* TASK BRIEF
Give the listing below again exactly, but without any of its pictures.

* SUPPLIED MATERIAL
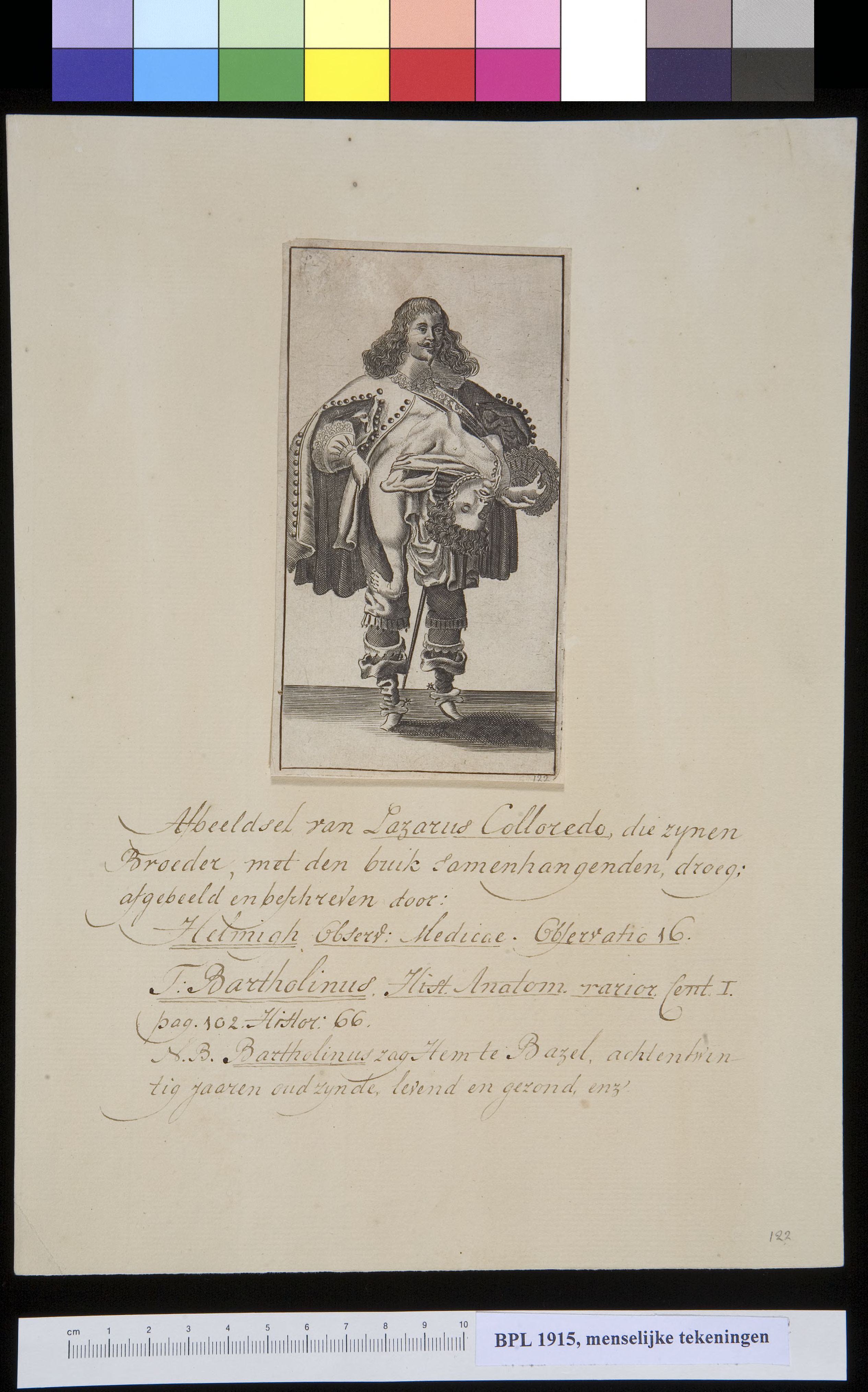 Conjoined twins: well dressed man carrying his brother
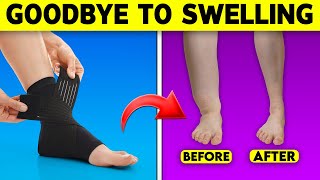 Defeat Lymphoedema How To Control Swollen Legs And Feet [upl. by Assetal]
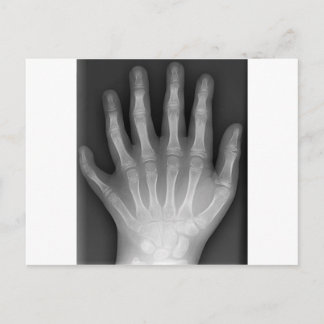 Polydactyly, sex fingered Hand, X-Ray, rarity! Vykort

* EXPECTED ANSWER
 Conjoined twins: well dressed man carrying his brother
 Defeat Lymphoedema How To Control Swollen Legs And Feet [upl. by Assetal]
 Polydactyly, sex fingered Hand, X-Ray, rarity! Vykort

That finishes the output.